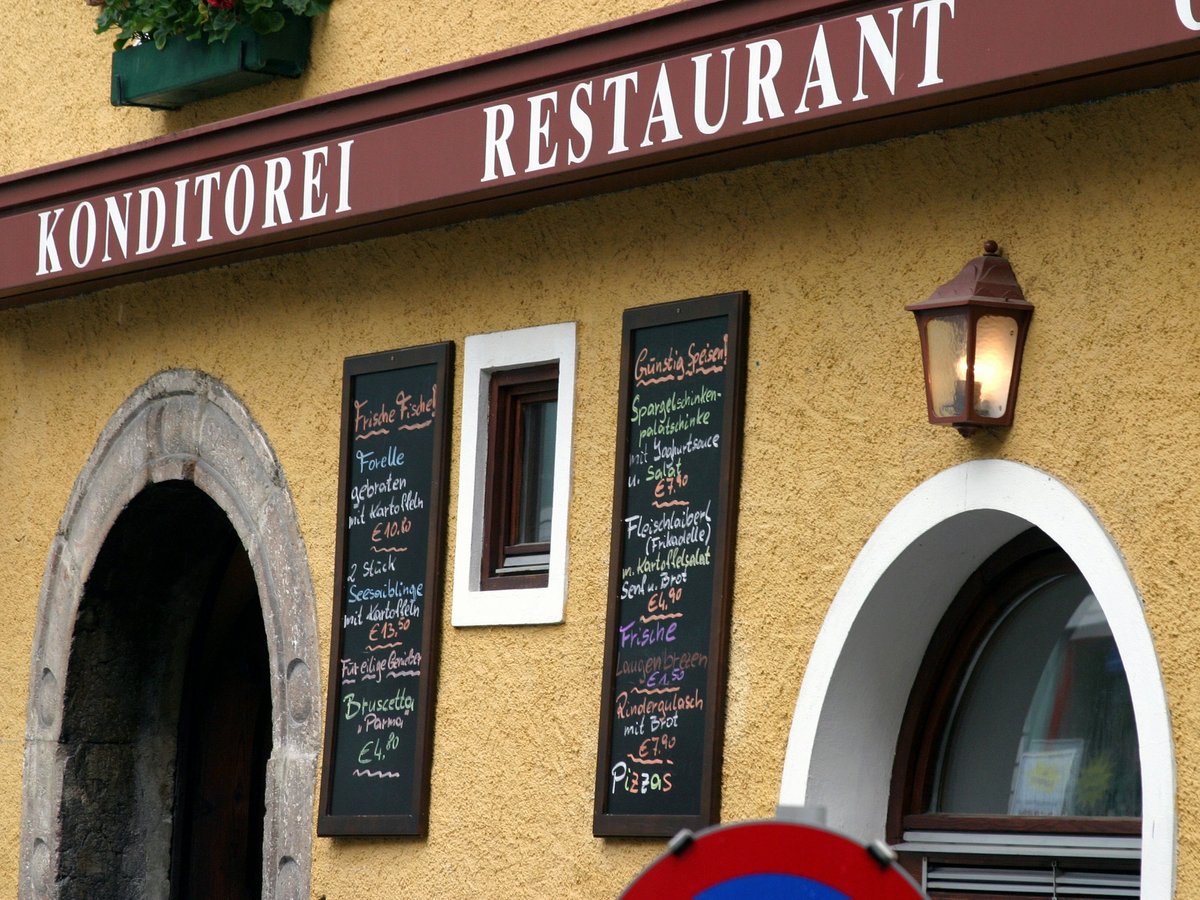 a restaurant with menus on the outside of it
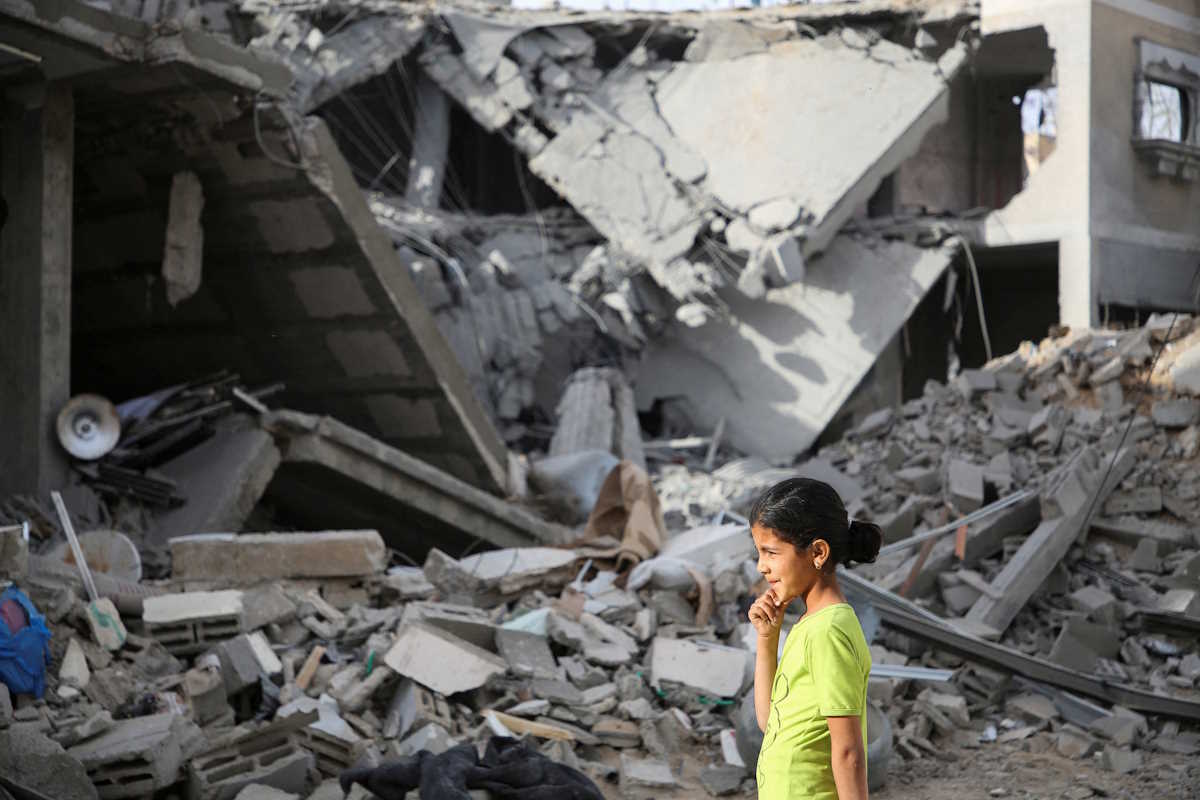 A Palestinian girl walks past the site of an Israeli strike on a house, amid the ongoing conflict between Israel and the Palestinian Islamist group Hamas, in Rafah, in the southern Gaza Strip, April 25, 2024. REUTERS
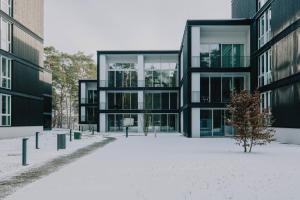 a building with snow on the ground in front of it at TheChipp - Designapartment mit Seeblick, Pool, Sauna & Kamin in Bad Saarow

_WORK TO COMPLETE_:
Your copy of the material above should be exact and free of pictures.

_WORKED SOLUTION_:
 a restaurant with menus on the outside of it
 A Palestinian girl walks past the site of an Israeli strike on a house, amid the ongoing conflict between Israel and the Palestinian Islamist group Hamas, in Rafah, in the southern Gaza Strip, April 25, 2024. REUTERS
 a building with snow on the ground in front of it at TheChipp - Designapartment mit Seeblick, Pool, Sauna & Kamin in Bad Saarow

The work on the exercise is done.